Wiktor Pinczuk to kolekcjoner dzieł sztuki i filantrop. Jest też najbardziej zachodnim z ukraińskich oligarchów, ale pieniądze zarabia na Wschodzie.
AFP/East News
Klan u władzy. Od lewej: Wiktor Pinczuk z żoną Ołeną, teściową i teściem, eksprezydentem Leonidem Kuczmą. Zdjęcie z marca 2005 r., z pogrzebu byłego szefa MSW, Jurija Krawczenki, który zginął w niejasnych okolicznościach.

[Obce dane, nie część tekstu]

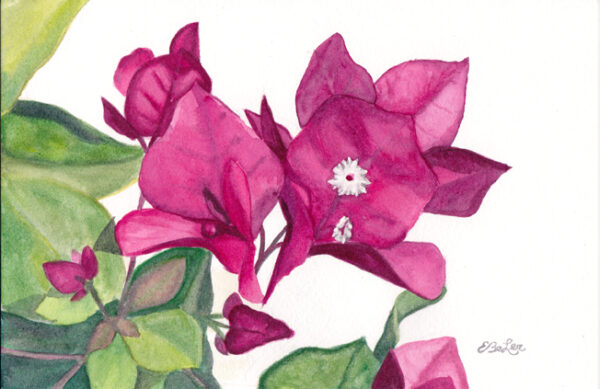Bright pink bougainvillea watercolor painting on paper by artist Esther BeLer Wodrich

Zaprosił nas do siebie, do swej ulubionej siedziby. To posiadłość licząca wiele tysięcy metrów kwadratowych, 40 minut samochodem od Majdanu. Nad brzegiem jeziora, na skraju brzozowego lasu, wznosi się szklany pawilon z ekspozycją dzieł sztuki. Zaprojektowali go słynni szwajcarscy architekci z firmy Herzog & de Meuron – ci sami, którzy budowali stadion olimpijski w Pekinie i Allianz Arenę w Monachium. Kamerdyner otwiera butelkę Château Montrose, ciężkiego bordeaux, rocznik 2005.